Single Variable Descriptive Analytics and Data Manipulation
Before proceeding further down the data science pipeline and performing analyses like building a predictive model, it's useful to perform what we might call more "basic descriptive analytics" techniques on the dataset. The general goal of performing descriptive analytics is to "describe" the dataset insightfully and thoroughly. Some basic descriptive analytics techniques might include calculating and evaluating relevant summary statistics of the data and plotting relevant visualizations.
First, trying to describe just a single variable in the dataset, for instance, can help lead to insightful data cleaning decisions that might need to be made before building your predictive model.

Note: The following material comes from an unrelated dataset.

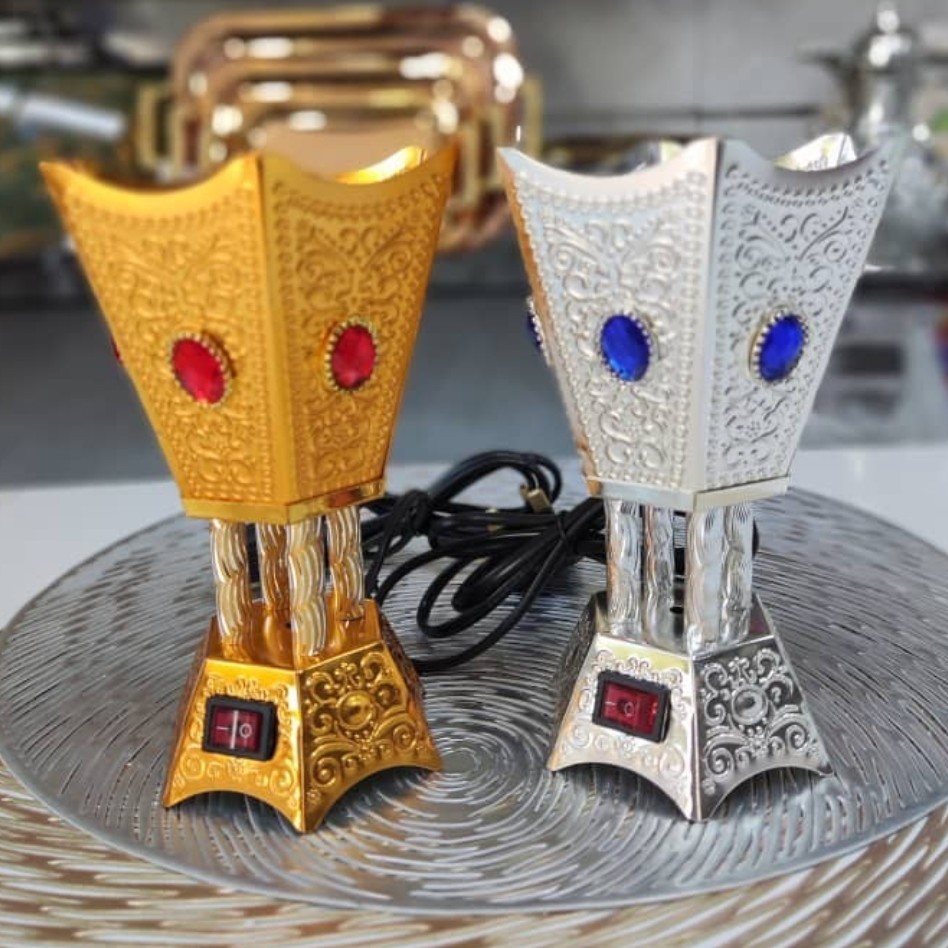 اسپند سوز (بخور سوز) برقی با کیفیت بخور سوز عود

Single Categorical Variable
Summary Statistics
For instance, we know that we'd like to include the neighborhood variable as one of our explanatory variables in the linear regression model. This is a categorical variable, so we can use the value_counts() function as shown below to calculate summary statistics for this variable including: the number and percentage of observations that belong to each level of the variable, respectively.

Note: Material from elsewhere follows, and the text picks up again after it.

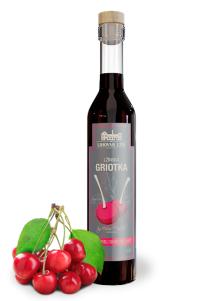 Griotka Ln 25% 0,5L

neighborhood_counts = df['neighborhood'].value_counts()
neighborhood_counts
Near North Side 629 West Town 583 Lake View 422 Logan Square 350 Near West Side 339 ... West Elsdon 1 Burnside 1 Edison Park 1 Mount Greenwood 1 East Side 1 Name: neighborhood, Length: 75, dtype: int64
neighborhood_percentages = df['neighborhood'].value_counts(normalize=True)
neighborhood_percentages
Near North Side 0.116030 West Town 0.107545 Lake View 0.077845 Logan Square 0.064564 Near West Side 0.062535 ... West Elsdon 0.000184 Burnside 0.000184 Edison Park 0.000184 Mount Greenwood 0.000184 East Side 0.000184 Name: neighborhood, Length: 75, dtype: float64
Visualizations
We can also visualize each of these percentages, say, in a barplot by using the sns.barplot() function and the following inputs:
- .index of the neighborhood_percentages pandas series that was created (ie. the neighborhoods) and the
- values of the neighborhood_percentages pandas series that was created (ie. the percentage of each observation that belongs to each neighborhood)

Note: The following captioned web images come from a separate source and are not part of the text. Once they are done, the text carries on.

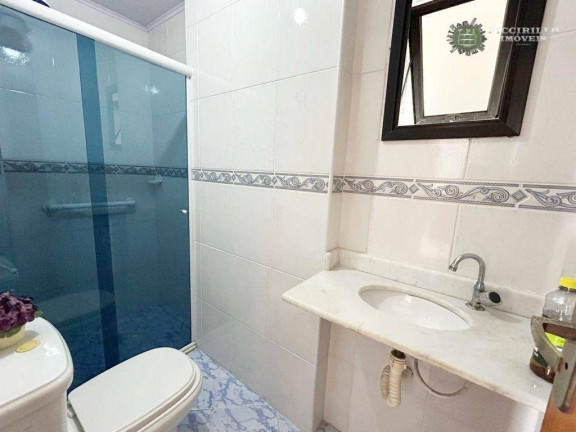 Imagem Apartamento com 3 Quartos à Venda, 116 m² em Vila Guilhermina - Praia Grande Imagem Apartamento com 3 Quartos à Venda, 116 m² em Vila Guilhermina - Praia Grande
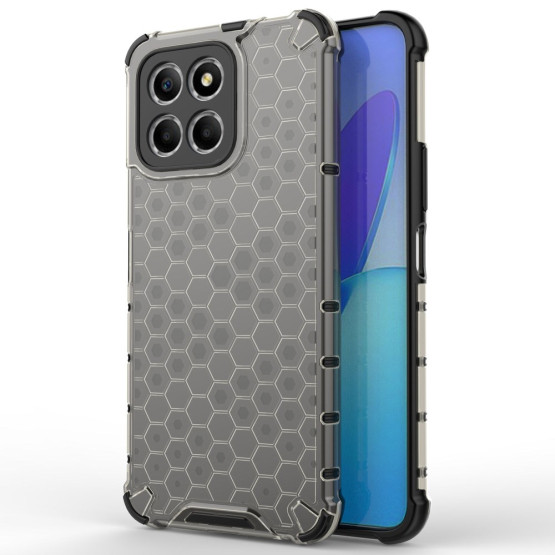 SATJE ČRN OVITEK ZA HONOR X6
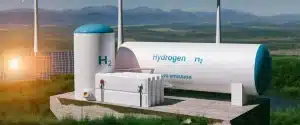 Primera planta de hidrógeno verde a nivel industrial fue inaugurada en Chile1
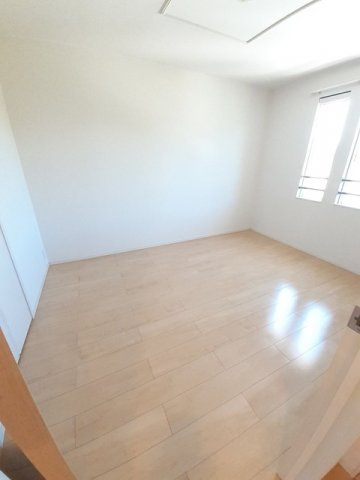 グリーンビュー・プラッツの内装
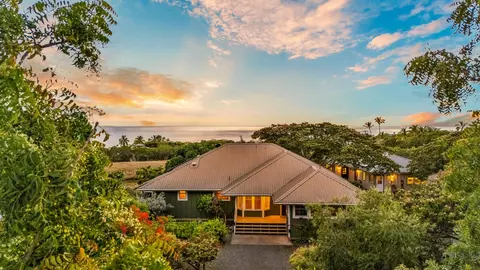 59-453 Ala Kahua Dr # 1, Kamuela, HI 96743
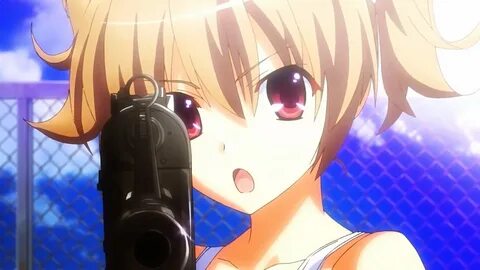 Grisaia no Kajitsu Specials 04 Subtitle Indonesia - Jobar333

plt.figure(figsize=(20,8))
sns.barplot(neighborhood_percentages.index, neighborhood_percentages)
plt.xticks(rotation=90)
plt.show()

Data Cleaning Insights and Rationale
There's quite a lot of distinct neighborhoods in this dataset, most of which do not have that many listings that belong to them. Including categorical explanatory variables in some predictive models like linear regression that have levels with only a few number of observations can lead to several issues. One of these issues is what we call overfitting , which we'll talk more about in a later module.
Thus in order to avoid overfitting, we may decide to only keep the top 5 most popular neighborhoods in this dataset: Near North Side, West Town, Lake View, Logan Square, and Near West Side.
top_neigh = df['neighborhood'].value_counts().index[0:5]
top_neigh
Index(['Near North Side', 'West Town', 'Lake View', 'Logan Square', 'Near West Side'], dtype='object')
df=df[df['neighborhood'].isin(top_neigh)]
df.shape
(2323, 6)
Also, for similar reasons, let's just keep the top two most popular room_types: entire home/apt, private room.
room_type_counts = df['room_type'].value_counts()
room_type_counts
Entire home/apt 1976 Private room 297 Hotel room 42 Shared room 8 Name: room_type, dtype: int64
sns.barplot(room_type_counts.index, room_type_counts)
plt.show()
top_room = df['room_type'].value_counts().index[0:2]
top_room
Index(['Entire home/apt', 'Private room'], dtype='object')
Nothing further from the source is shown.